* _Requirement_:
Make an exact copy of the listing underneath, skipping each picture.
-------- Data for processing
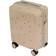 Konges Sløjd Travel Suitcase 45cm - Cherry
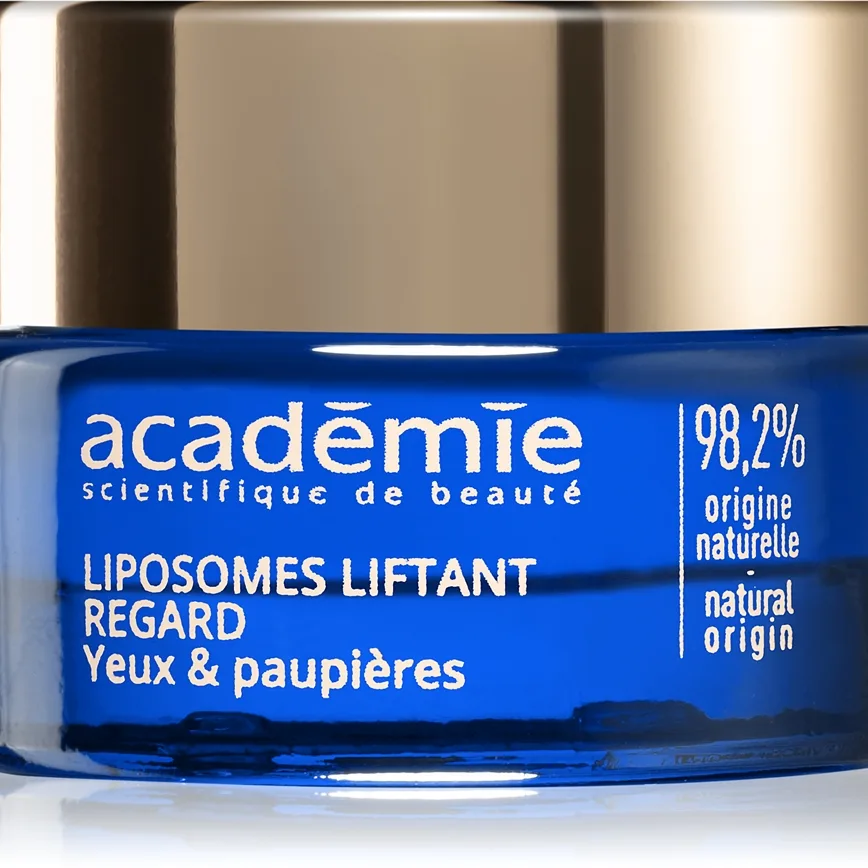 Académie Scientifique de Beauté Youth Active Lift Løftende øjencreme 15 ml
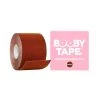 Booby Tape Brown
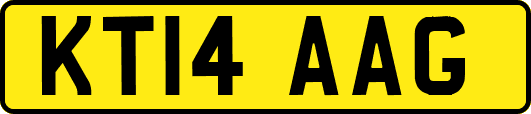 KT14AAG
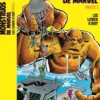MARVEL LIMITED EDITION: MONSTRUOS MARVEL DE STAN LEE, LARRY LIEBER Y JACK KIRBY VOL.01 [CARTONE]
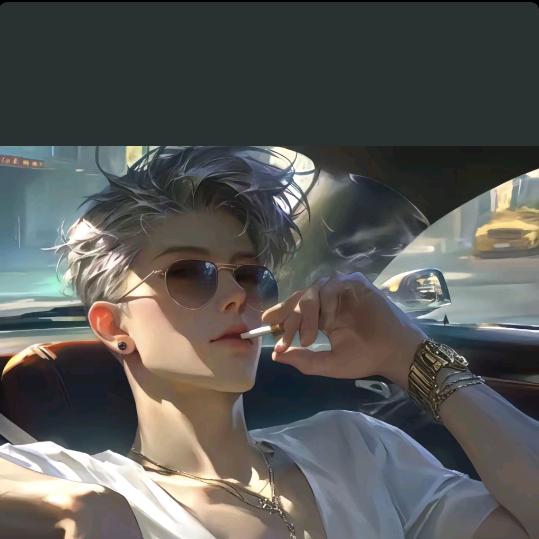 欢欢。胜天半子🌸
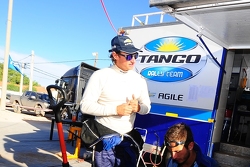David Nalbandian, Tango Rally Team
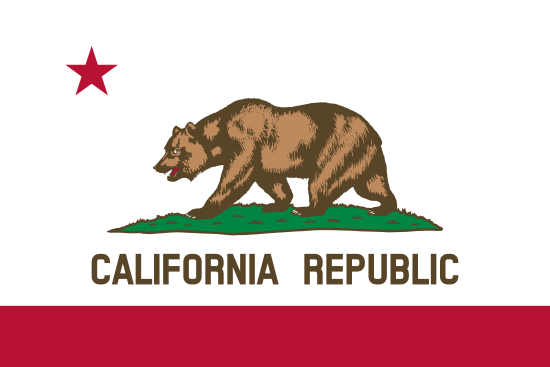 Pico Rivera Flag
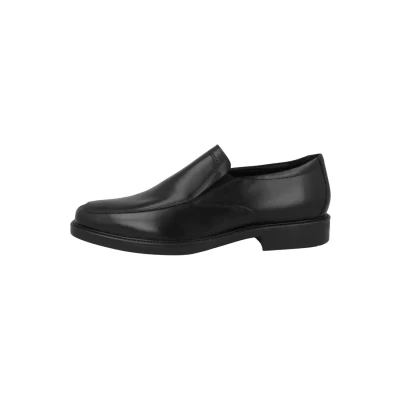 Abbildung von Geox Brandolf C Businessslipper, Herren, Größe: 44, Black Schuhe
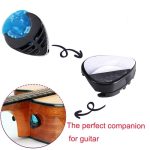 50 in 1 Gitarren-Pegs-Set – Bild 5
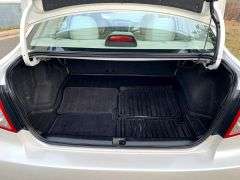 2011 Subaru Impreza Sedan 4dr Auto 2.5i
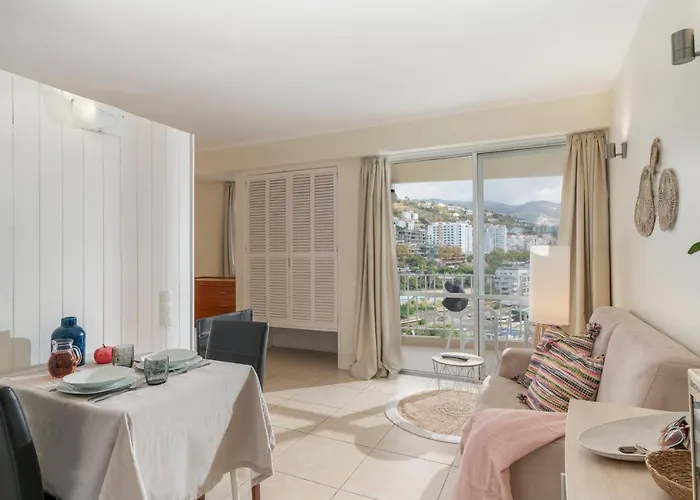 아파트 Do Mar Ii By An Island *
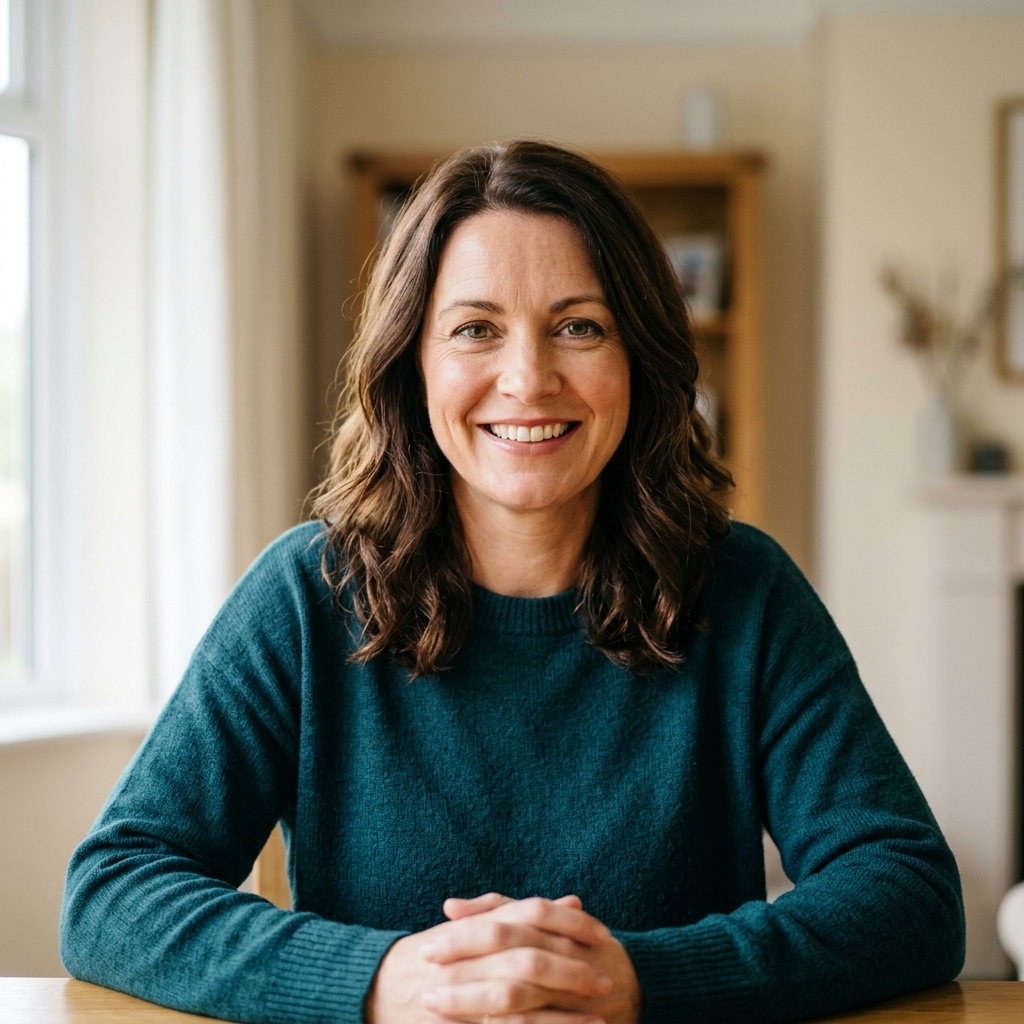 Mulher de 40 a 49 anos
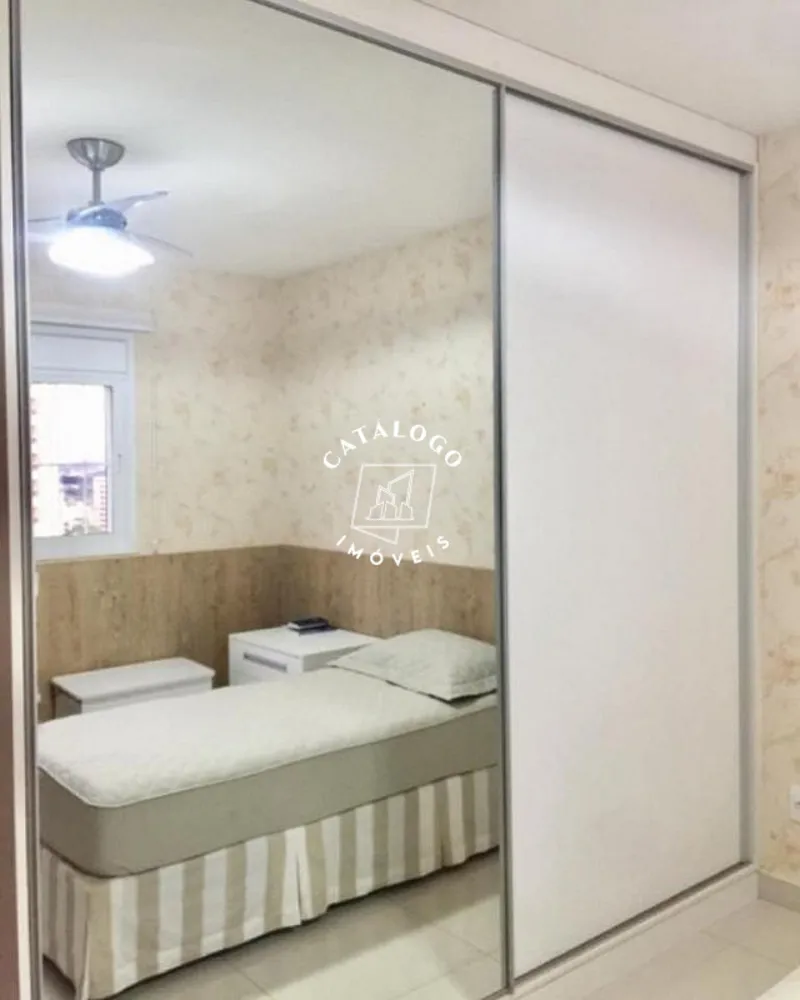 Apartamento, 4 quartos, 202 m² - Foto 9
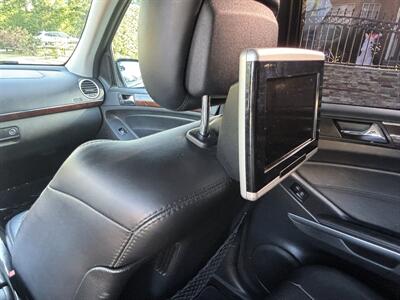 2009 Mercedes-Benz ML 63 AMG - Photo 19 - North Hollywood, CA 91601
----------------
* _Task output_:
 Konges Sløjd Travel Suitcase 45cm - Cherry
 Académie Scientifique de Beauté Youth Active Lift Løftende øjencreme 15 ml
 Booby Tape Brown
 KT14AAG
MARVEL LIMITED EDITION: MONSTRUOS MARVEL DE STAN LEE, LARRY LIEBER Y JACK KIRBY VOL.01 [CARTONE]
 欢欢。胜天半子🌸
David Nalbandian, Tango Rally Team
 Pico Rivera Flag
 Abbildung von Geox Brandolf C Businessslipper, Herren, Größe: 44, Black Schuhe
 50 in 1 Gitarren-Pegs-Set – Bild 5
 2011 Subaru Impreza Sedan 4dr Auto 2.5i
 아파트 Do Mar Ii By An Island *
 Mulher de 40 a 49 anos
 Apartamento, 4 quartos, 202 m² - Foto 9
 2009 Mercedes-Benz ML 63 AMG - Photo 19 - North Hollywood, CA 91601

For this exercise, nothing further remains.